Letters were a very much appreciated means of communication during World War II Hilda Griggs and other members of the 6888th made sure that mode of communication was seamless. This was the only way soldiers could keep tabs on their families and know how they were doing back at home. However, soldiers changed locations frequently, and mail delivery was getting overwhelming.
This is where Hilda P. Griggs, the 6888th, stepped in to save the day- or days. She was among the hero group of women that made sure families maintained communication by doing the heavy task of sorting mail.
The Six Triple Eight
WWII 6888th was the first and only all-Black Female unit deployed overseas. The 855 woman unit was active from 1945 to 1946 under the Command of Major Charity Adams. The nickname for the unit was Six Triple Eight, and their job was to sort and distribute major backlogs of mail located in Birmingham, England, Rouen, France, and Paris, France. Their initial training was at Fort Des Moines, Iowa. In 1945, 4th of February, the unit left Fort Shank, NY, and moved to England, where they arrived on Valentine’s Day, 1945.
They were saddled with over a two-year backlog of mail in huge warehouses filled to the brim with mail bags to sort. The army gave the unit six months to clear the backlog. Working 24-hours a day in three eight-hour shifts, they cleared the backlog of nearly 18 million pieces of mail in just three months.
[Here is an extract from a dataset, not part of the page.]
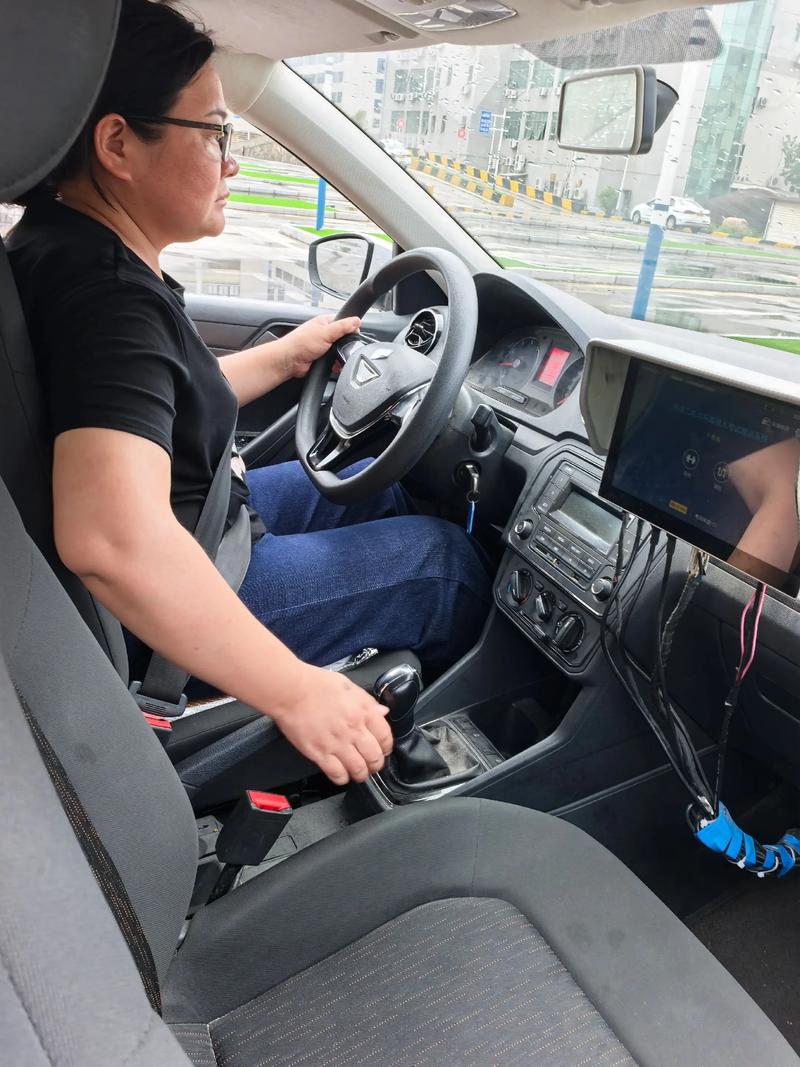 科目三陪练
Their motto, “No Mail, Low Morale,” explains their energy to deliver.
“There was always something to do,” Griggs recounts. “If there was nothing in our quarters, then we would go to the headquarters and do whatever they had there.” As many as 7500 of them, some letters were addressed to one person alone- Robert Smith. The troop went as far as finding clues to identify the intended recipients of letters that were insufficiently addressed.
Hilda Griggs, the Unsung Hero
Griggs was inspired to enlist in the army because her five brothers had left home for service, and it was just her, lonely. “My mother didn’t want me to leave, but I came to Philadelphia and joined,” she says.
The 98-year-old who currently lives in Gloucester is one of the last surviving members of the all-black, all-female 6888th postal unit of World War 2. She admits to enjoying the job so much that she was secretly disappointed when the war ended. She is a meticulous woman as she recounts her time in charge of the barracks where they slept- “… some of them didn’t make their beds right, and they had to strip them and do them all over again.”
After The War…
After serving in England and France, Griggs was honorably discharged from Fort Dix in NJ on March 24, 1946. She retired from Civil Service, Marine Corps Supply, in April 1976. After the war ended, the troops were back in the US but without the deserved celebration or recognition.
However, in February 2022, the U.S House of Representatives voted 422-0 to award the Congressional Gold Medal to honor the hard work of the first and only all-Black Women’s Army Corp unit. Hilda Griggs was also honored with the Army’s Meritorious Unit Commendation Award.